What this task involves
The first line of the entries through the line bearing "092A Motorcourt 0011": copy these lines exactly and return nothing else.

[Brief descriptive captions]
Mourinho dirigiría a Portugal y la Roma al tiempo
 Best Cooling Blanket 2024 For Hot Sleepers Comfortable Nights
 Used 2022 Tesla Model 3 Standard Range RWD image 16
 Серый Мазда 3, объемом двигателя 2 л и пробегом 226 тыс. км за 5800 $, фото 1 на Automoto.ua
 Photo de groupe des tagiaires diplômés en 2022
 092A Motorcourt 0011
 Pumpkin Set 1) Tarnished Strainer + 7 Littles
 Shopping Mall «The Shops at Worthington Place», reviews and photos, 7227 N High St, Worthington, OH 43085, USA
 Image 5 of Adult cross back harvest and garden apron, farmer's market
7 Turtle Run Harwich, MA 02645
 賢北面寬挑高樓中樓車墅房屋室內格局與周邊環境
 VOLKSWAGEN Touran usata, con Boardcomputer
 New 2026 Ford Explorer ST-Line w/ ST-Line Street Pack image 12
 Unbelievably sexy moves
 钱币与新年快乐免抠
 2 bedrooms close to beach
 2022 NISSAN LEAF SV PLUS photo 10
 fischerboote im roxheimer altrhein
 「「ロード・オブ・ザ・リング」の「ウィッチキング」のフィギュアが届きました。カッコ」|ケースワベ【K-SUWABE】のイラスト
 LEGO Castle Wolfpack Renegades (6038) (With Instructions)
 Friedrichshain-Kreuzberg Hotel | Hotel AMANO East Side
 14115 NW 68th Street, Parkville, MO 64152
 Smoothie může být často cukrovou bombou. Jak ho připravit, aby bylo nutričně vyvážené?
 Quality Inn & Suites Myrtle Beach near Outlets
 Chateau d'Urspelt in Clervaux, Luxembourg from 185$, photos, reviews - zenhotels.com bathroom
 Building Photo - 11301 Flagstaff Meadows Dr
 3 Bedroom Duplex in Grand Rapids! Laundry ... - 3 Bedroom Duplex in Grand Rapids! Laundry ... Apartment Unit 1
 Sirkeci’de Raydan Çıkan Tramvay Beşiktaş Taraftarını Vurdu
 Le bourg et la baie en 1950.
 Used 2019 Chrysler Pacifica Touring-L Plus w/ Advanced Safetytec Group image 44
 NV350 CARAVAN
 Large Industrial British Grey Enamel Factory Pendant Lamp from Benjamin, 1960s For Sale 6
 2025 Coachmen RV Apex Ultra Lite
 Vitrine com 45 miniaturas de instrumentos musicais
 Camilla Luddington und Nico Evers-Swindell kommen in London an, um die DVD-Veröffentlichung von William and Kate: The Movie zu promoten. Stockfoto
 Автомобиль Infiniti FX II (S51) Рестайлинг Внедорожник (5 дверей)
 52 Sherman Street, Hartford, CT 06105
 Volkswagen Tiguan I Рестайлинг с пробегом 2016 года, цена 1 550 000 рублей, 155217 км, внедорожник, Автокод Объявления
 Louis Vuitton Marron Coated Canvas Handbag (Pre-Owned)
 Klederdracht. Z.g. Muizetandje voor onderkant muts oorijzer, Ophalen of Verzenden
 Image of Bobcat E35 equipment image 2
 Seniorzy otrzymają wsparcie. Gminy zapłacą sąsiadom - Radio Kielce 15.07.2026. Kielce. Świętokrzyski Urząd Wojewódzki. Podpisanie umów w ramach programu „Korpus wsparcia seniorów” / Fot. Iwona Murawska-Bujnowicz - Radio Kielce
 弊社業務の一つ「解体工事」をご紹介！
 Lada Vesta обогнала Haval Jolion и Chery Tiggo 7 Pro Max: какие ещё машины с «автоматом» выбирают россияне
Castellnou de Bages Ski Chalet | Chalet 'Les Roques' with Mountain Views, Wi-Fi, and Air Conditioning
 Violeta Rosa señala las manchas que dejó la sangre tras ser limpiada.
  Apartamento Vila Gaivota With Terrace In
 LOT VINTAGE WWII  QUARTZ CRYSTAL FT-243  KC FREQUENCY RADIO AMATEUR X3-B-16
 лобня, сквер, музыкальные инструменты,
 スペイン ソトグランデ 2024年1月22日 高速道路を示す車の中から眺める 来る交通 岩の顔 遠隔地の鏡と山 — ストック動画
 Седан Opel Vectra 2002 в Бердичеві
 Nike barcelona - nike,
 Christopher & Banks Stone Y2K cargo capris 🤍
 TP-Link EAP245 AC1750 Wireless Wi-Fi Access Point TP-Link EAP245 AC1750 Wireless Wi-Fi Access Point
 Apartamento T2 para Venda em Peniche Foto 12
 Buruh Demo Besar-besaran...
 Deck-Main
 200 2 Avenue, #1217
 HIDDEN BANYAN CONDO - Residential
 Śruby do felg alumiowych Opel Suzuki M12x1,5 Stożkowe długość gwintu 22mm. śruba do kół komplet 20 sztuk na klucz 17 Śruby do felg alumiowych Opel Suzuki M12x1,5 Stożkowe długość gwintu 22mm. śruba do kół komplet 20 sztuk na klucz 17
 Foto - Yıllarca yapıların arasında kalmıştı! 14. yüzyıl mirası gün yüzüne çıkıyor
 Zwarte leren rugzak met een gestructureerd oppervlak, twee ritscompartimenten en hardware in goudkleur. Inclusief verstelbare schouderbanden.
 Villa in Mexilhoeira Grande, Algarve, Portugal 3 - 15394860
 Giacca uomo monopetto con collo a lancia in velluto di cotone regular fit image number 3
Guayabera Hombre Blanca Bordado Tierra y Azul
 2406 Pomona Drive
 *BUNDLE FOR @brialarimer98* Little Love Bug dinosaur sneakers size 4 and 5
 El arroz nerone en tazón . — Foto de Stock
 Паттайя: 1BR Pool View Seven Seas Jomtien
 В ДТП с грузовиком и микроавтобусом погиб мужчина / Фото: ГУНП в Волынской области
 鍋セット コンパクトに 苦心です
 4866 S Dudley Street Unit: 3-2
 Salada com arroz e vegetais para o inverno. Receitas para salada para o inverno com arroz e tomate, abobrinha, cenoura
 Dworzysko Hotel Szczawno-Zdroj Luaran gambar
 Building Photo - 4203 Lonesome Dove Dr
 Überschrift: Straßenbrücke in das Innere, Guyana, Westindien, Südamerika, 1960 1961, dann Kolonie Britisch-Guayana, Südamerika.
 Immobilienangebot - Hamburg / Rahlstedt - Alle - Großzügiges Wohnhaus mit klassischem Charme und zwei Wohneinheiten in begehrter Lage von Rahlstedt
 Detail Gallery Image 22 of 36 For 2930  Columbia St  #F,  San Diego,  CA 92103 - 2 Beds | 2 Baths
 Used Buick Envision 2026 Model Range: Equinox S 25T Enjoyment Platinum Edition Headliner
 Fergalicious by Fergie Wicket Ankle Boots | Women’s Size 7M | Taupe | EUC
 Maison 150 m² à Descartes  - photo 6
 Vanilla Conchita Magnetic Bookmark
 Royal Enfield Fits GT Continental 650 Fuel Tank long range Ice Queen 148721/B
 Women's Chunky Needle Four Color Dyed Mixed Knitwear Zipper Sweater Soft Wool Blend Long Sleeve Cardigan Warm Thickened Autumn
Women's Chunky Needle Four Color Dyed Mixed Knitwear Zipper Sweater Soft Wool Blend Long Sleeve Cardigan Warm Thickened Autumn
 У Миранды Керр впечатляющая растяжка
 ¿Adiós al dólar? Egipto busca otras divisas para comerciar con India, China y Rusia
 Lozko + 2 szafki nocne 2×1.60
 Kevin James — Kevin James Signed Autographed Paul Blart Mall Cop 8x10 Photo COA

Answer box
Mourinho dirigiría a Portugal y la Roma al tiempo
 Best Cooling Blanket 2024 For Hot Sleepers Comfortable Nights
 Used 2022 Tesla Model 3 Standard Range RWD image 16
 Серый Мазда 3, объемом двигателя 2 л и пробегом 226 тыс. км за 5800 $, фото 1 на Automoto.ua
 Photo de groupe des tagiaires diplômés en 2022
 092A Motorcourt 0011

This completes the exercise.